Mapping the journey made the problem more operational. Before entry, people needed confidence they were in the right place. During the wait, they needed useful status and preparation cues. At admission, they needed a less abrupt handoff into a live meeting.



Journey map
The journey map converted scattered research findings into concrete moments the redesign needed to support.
02
Redesigned experience
The redesign made waiting more informative without turning it into another meeting room.
Instead of filling the page with decoration, the design focused on functional reassurance: visible self-preview, clearer wording, optional room context, useful shared content, and a more controlled admission moment.

Final direction
The waiting room became a preparation space: participants could check their setup, understand status, and review relevant meeting material.
Waiting modes
Support both default and host-customized waiting rooms.
The redesigned waiting room needed to work even when a host did nothing, while still giving hosts room to add useful context when the meeting called for it.
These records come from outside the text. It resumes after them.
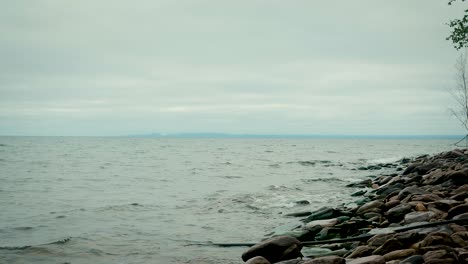 lake superior waves rolling into shore with distant mountains at the horizon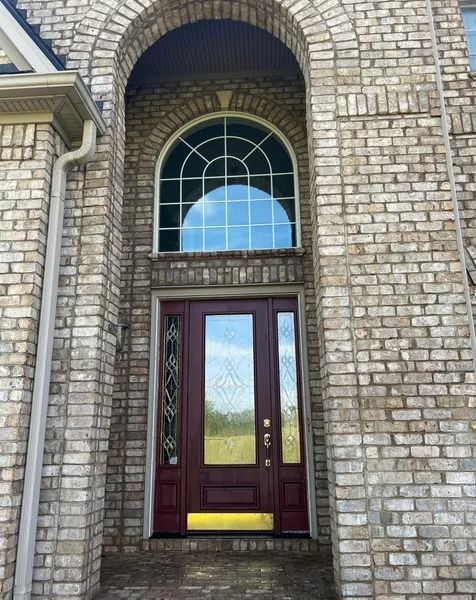 Brick facade with arched window above a burgundy door.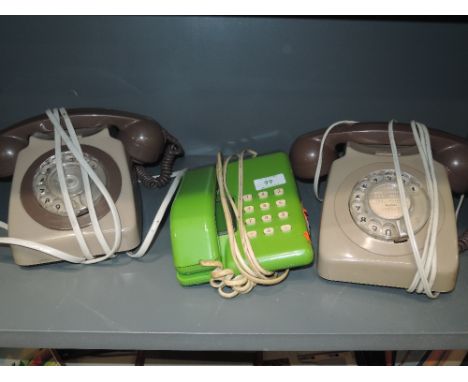 A selection of vintage telephones including green case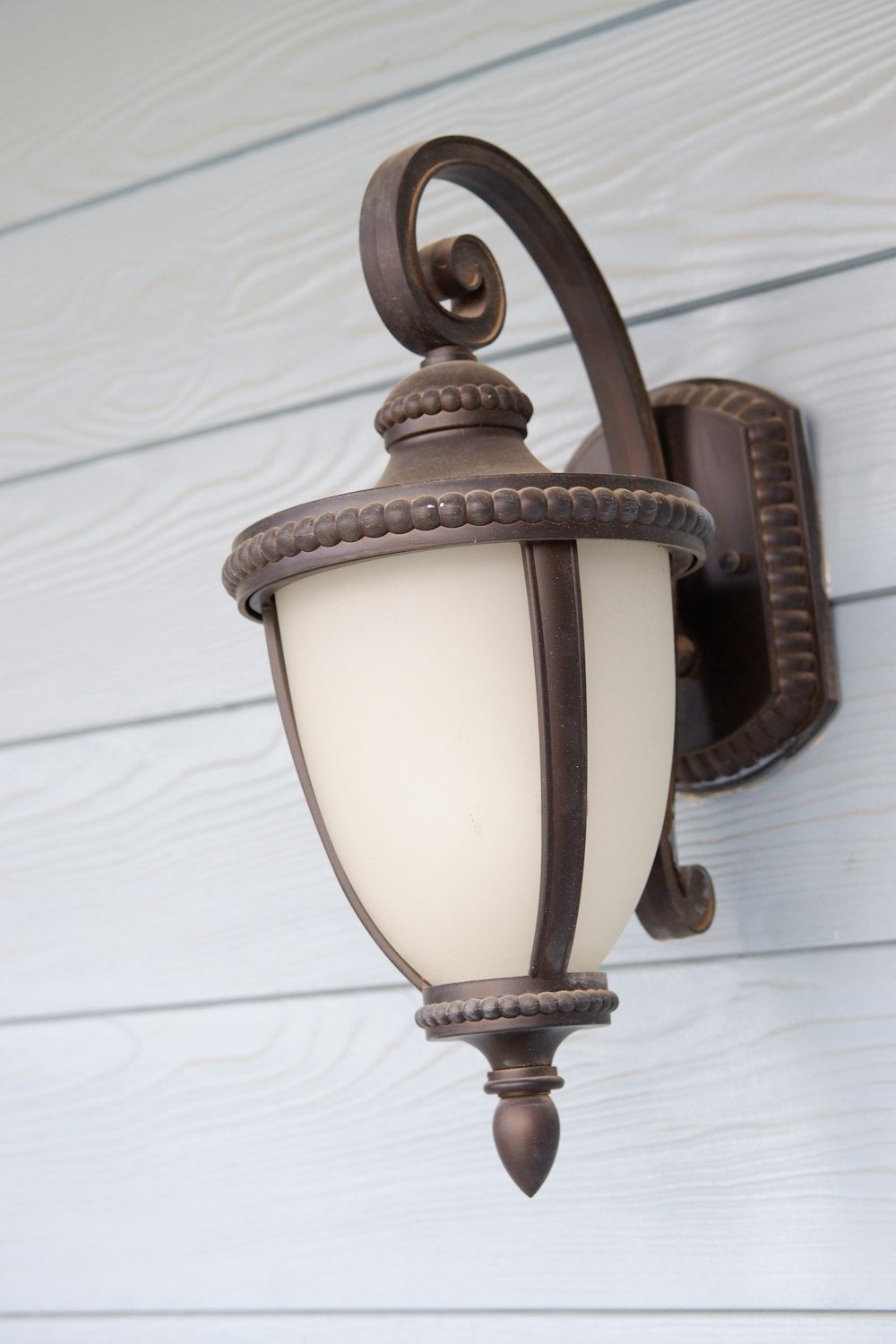 brown and white ceramic vase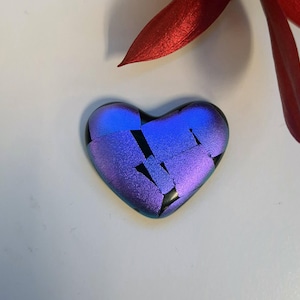 May include: A dichroic glass heart pendant with a vibrant blue and purple color shift. The heart is composed of multiple glass pieces, creating a mosaic effect. A red petal is in the background.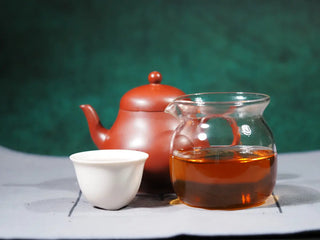Complete tea setup with Jingyang Golden Flower Fu Brick Tea, purple clay teapot, Gongdao cup, and small tea cups arranged together for traditional dark tea brewing.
I treated customization as an optional layer on top of a clearer default state, rather than as the thing that made the experience usable.

Default waiting room
When the host does not customize the room, participants still see a calmer default state with setup visibility.

Customized waiting room
When the host customizes the room, added content can make the wait feel more intentional and meeting-specific.
Visibility
Clarify where participants are without exposing more than necessary.
Research showed that people worried about whether they were in the right room and whether anyone knew they were there. The redesign introduced room context, but kept that information configurable so hosts could decide when participant visibility was appropriate.

Room context
A small status line helps participants confirm the room is active.

Host control
The visibility decision stays with the host rather than becoming a default exposure.
Shared content
Use content only when it helps the wait feel intentional.
The waiting room did not need to become a content surface by default. But for classes, webinars, or planned sessions, lightweight shared material could make the wait feel purposeful instead of empty.

Slides
Hosts could share material that prepares participants for the session.

Website preview
The same structure supports other formats without changing the waiting model.
Admission
Soften the jump from waiting into a live room.
The final admission moment gave participants a short, explicit confirmation before they entered. It made the transition feel less abrupt while still keeping the meeting flow moving.

Admission moment
A confirmation state lets participants enter intentionally instead of being dropped into the meeting unexpectedly.
03
Outcome and reflection
The work clarified a small but high-frequency moment in the meeting workflow.
Feedback on the prototype pointed to a smoother transition and a stronger sense of preparedness while waiting. The most useful lesson was not that every waiting room needs more content; it was that participants need enough system feedback to trust what is happening.
As an internship project, the work also shaped how I approached ambiguity: start with the real behavior, share early concepts with partners, and treat research artifacts as tools for alignment rather than portfolio deliverables.